Fannie and Freddie and the 10% moment
This is easy to calculate: Tote up Treasury’s stock purchases and the dividends Fannie and Freddie have paid on this stock, then calculate the internal rate of return. As of the first quarter of 2016, the rate of return is 7.68 percent. That’s not too bad, though it is still short of the 10 percent return required by the original bailout deal.
But by the last quarter of 2017, the two companies will likely have paid back cash equivalent to retiring all of the $187.5 billion plus a 10 percent compound return. What should happen then?
Under the current, amended version of the bailout deal agreed to between the Federal Housing Finance Agency and the Treasury Department in 2012, nothing will happen. Fannie and Freddie will keep paying all their quarterly profits to the Treasury forever, and will forever remain part of the government, run by a political appointee and entirely dependent on the taxpayers’ credit.

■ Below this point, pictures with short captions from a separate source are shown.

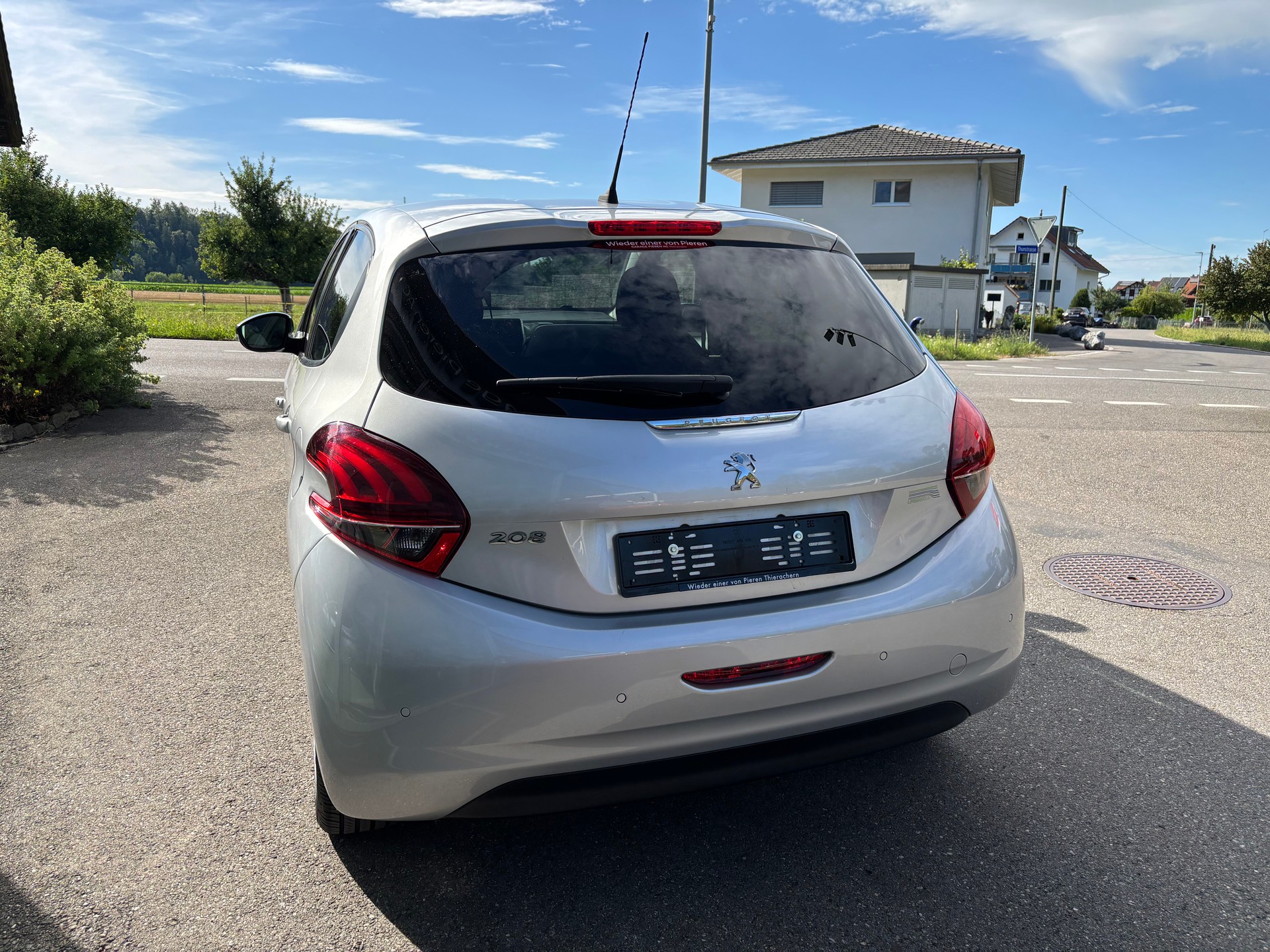 PEUGEOT 208 1.2 PureTech Urban Soul-image-2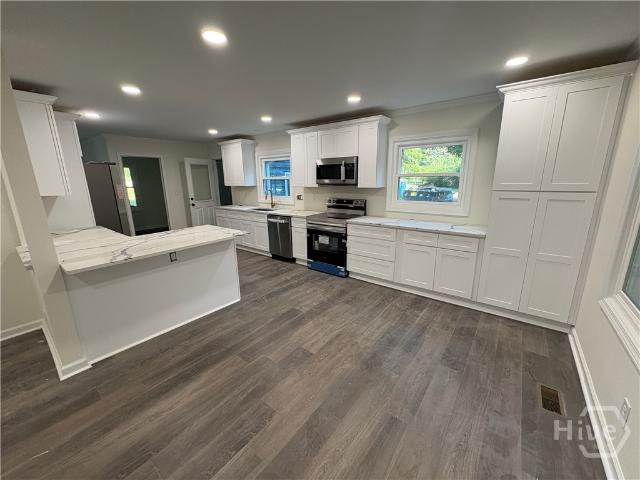 1600 Whit Davis Road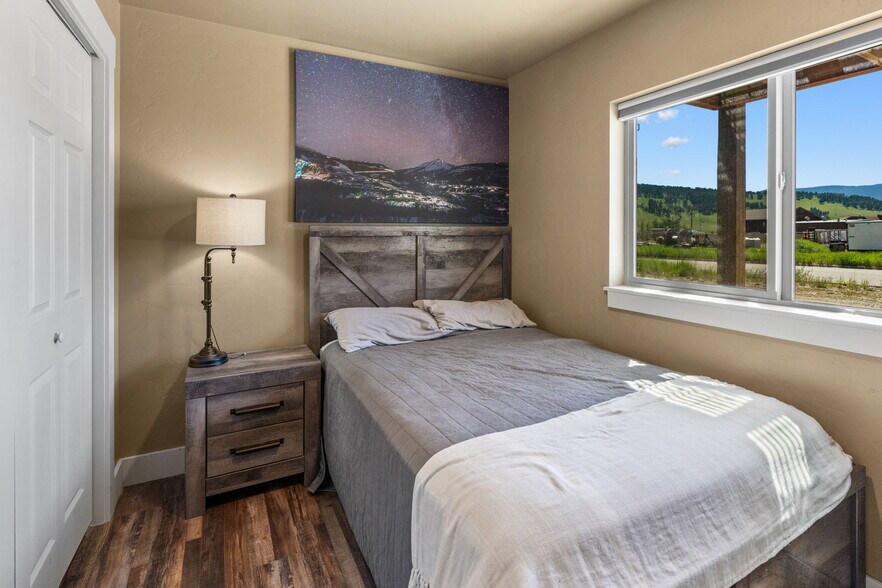 More Photos Of 303 Cold Iron Rd, Gallatin Gateway Warehouse For Sale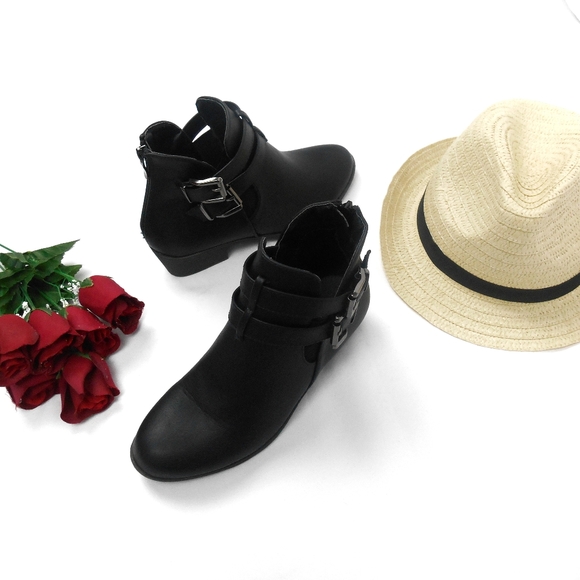 🆕️ Adrianna Ankle Boots - Picture 4 of 8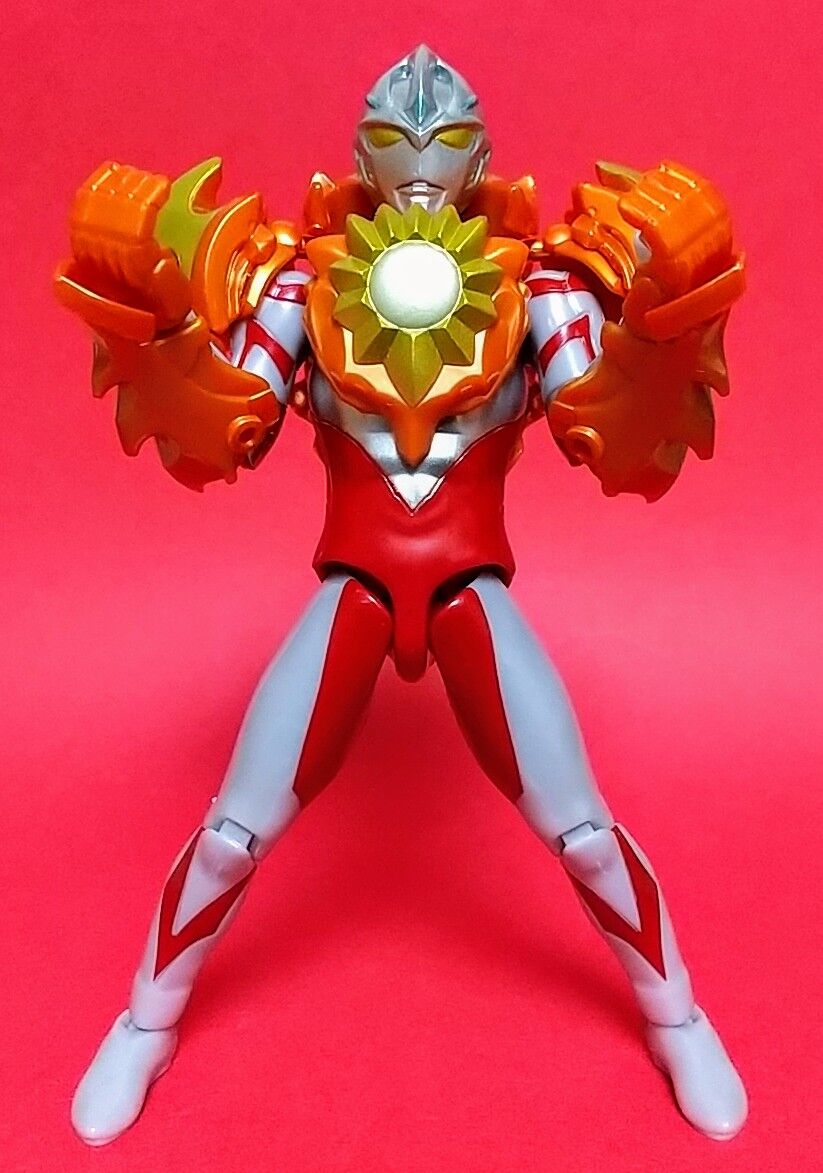 ウルトラマンアーク　アクションフィギュア　３点セット ウルトラアクションフィギュア ウルトラマンアーク ソリス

This does not make sense. But neither does it make sense to allow Fannie and Freddie to go back to being their old government-sponsored enterprise selves with a free guaranty, courtesy of the taxpayer, and far too little capital.
How about this instead: The moment Fannie and Freddie have returned to the government cash equal to all the principal and a full 10 percent annual return, Congress should declare the Treasury’s senior preferred stock as retired, and simultaneously that these companies be treated as systemically important financial institutions.
Fannie and Freddie unquestionably qualify as SIFIs. They are, combined, $5 trillion in size, densely interconnected with the domestic and global financial system, hyper-leveraged, and able to put the entire system, as well as the finances of the U.S. government, at risk.
If Fannie and Freddie were designated as SIFIs, federal regulations would require them to maintain capital at least equal to 5 percent of their total assets. No longer obligated to hand over their profits to the Treasury, they could accumulate capital in the form of retained earnings, or possibly issue new shares.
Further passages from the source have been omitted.